En Europe, les autorités réglementaires peuvent imposer des amendes allant jusqu’à 20 millions d’euros ou 4 % du chiffre d’affaires mondial. Au Canada, le commissaire fédéral demande aux élus de modifier les lois fédérales afin qu’il puisse imposer des amendes.

Survol des promesses des partis

Les partis politiques fédéraux promettent-ils davantage de droits aux Canadiens en matière de protection de leurs renseignements personnels ? Autant de droits qu’en Europe ? Survol de leurs promesses en trois questions.

1) Voulez-vous adopter des lois équivalentes ou semblables à celles en vigueur en Europe ?

Parti libéral du Canada : « Je crois que oui [il faut plus de droits]. C’est la raison pour laquelle nous avons adopté une nouvelle charte numérique. On va regarder ce qui se passe en Europe, mais on ne peut pas donner de réponse définitive », dit le candidat libéral David Lametti, ministre fédéral de la Justice et procureur général du Canada.
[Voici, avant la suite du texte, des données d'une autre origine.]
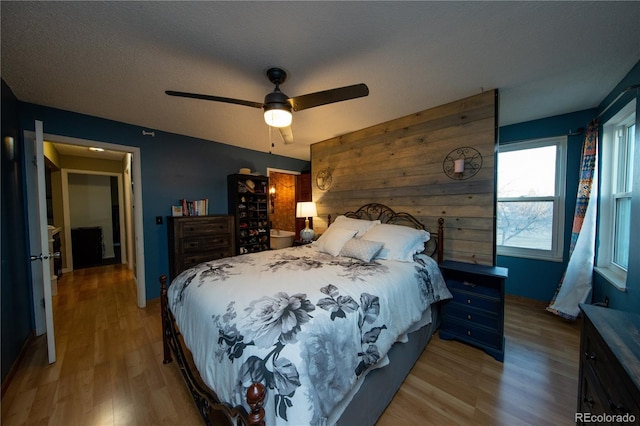 bedroom featuring ceiling fan, a textured ceiling, and light wood-type flooring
Parti conservateur du Canada : « C’est clair qu’il faut changer [la loi]. On voit actuellement que la loi et les pratiques ne sont pas adaptées à la rapidité des changements numériques. L’Europe fait partie des options », dit le candidat conservateur Pierre Paul-Hus. Les conservateurs proposent d’établir une marque de cybersécurité au Canada.

Le Nouveau Parti démocratique (NPD), le Bloc québécois et le Parti vert du Canada veulent modifier les lois fédérales en s’inspirant de la réglementation européenne en matière de droits à la protection des renseignements personnels.
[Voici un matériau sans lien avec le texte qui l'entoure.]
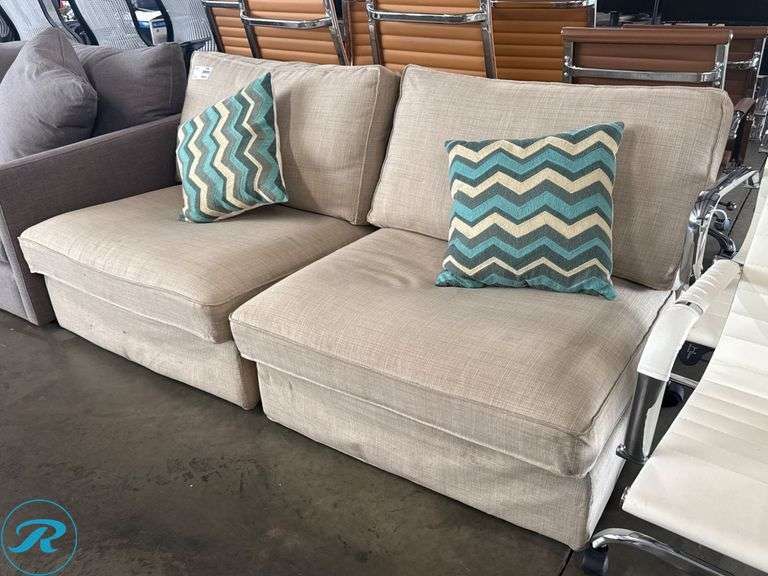 2 Beige Upholstered Sectional Sofa Chairs with Chevron Accent Pillows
2) Voulez-vous donner au Commissariat à la protection de la vie privée du Canada le pouvoir d’imposer des amendes ?

Le Parti libéral du Canada veut accorder plus de pouvoirs au commissaire fédéral, mais n’a pas précisé de quels nouveaux pouvoirs il s’agit dans sa plateforme.

Le Parti conservateur du Canada, le NPD, le Bloc québécois et le Parti vert du Canada veulent accroître les pouvoirs du commissaire fédéral, y compris celui de donner des amendes.

3) Les partis politiques ne sont pas assujettis aux lois fédérales sur la protection des renseignements personnels. Voulez-vous qu’ils y soient assujettis ?

Le Parti libéral du Canada et le Parti conservateur veulent étudier cette question.

Le NPD et le Parti vert du Canada assujettiraient les partis politiques aux lois sur la protection des renseignements personnels.

Bloc québécois : « Si on y assujettit les partis politiques, il faut rouvrir le débat sur le financement public des partis politiques, car les coûts en matière de sécurité seraient impossibles à soutenir. On ferait du financement uniquement pour se conformer aux lois [en matière de protection sur les renseignements personnels] », dit le candidat bloquiste Simon Marchand.